Rispetto alle possibilità di diffusione delle macchine, il suo ragionamento non faceva una piega. Meglio insegnare ai pochi computer che c’erano in giro a “parlare” inglese piuttosto che spiegare il linguaggio macchina a milioni di persone. Così ideò il concetto di compilatore, un software che traduceva nella lingua dei calcolatori le istruzioni che gli venivano fornite in inglese. Perfezionando questa sua intuizione, Grace Hopper realizzerà il Flow-Matic, un compilatore così semplice da usare che fu commercializzato insieme a UNIVAC I.

Il suo fu un successo straordinario: i computer finalmente si avvicinavano agli esseri umani e riconoscevano istruzioni immesse in un linguaggio che somigliava in tutto e per tutto a quello naturale. Sulla base del Flow-Matic, nel 1959 la Hopper e il suo team svilupparono il COBOL, linguaggio di programmazione di altissimo livello, ancora oggi utilizzato specialmente in ambito finanziario e aziendale. Ad esempio, molti dei software scritti per gestire i bancomat sono tuttora realizzati con il COBOL. A più di sessant’anni dalla sua comparsa, si tratta di uno dei linguaggi di programmazione più longevi della storia.

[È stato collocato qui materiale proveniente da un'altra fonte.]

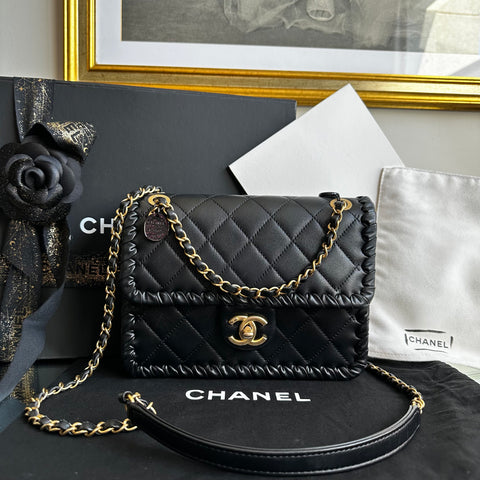Bolsa Chanel em Couro Lambskin Preta com Ferragem Dourada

Nonostante gli ammirevoli traguardi raggiunti, nel 1973 creò confusione il premio conferitole in quanto “Distinguished Fellow of the British Computer Society”. Per prima cosa perché non era un inglese a vincere, bensì la prima americana da quando era stato istituito. E poi, ovviamente, perché era una donna. Ma Grace Murray Hopper se l’era meritato per il suo inestimabile supporto al mondo informatico, tanto che per vedere un’altra donna insignita dello stesso riconoscimento bisognerà aspettare il 2016, quarantatré anni. Ancora una volta Grace aveva ribaltato i canoni. Come amava dire: “La più pericolosa tra le frasi mai pronunciate dall’essere umano è: ‘abbiamo sempre fatto in questo modo’. Il mio obiettivo è dimostrare il contrario”. E così è stato, per 86 anni.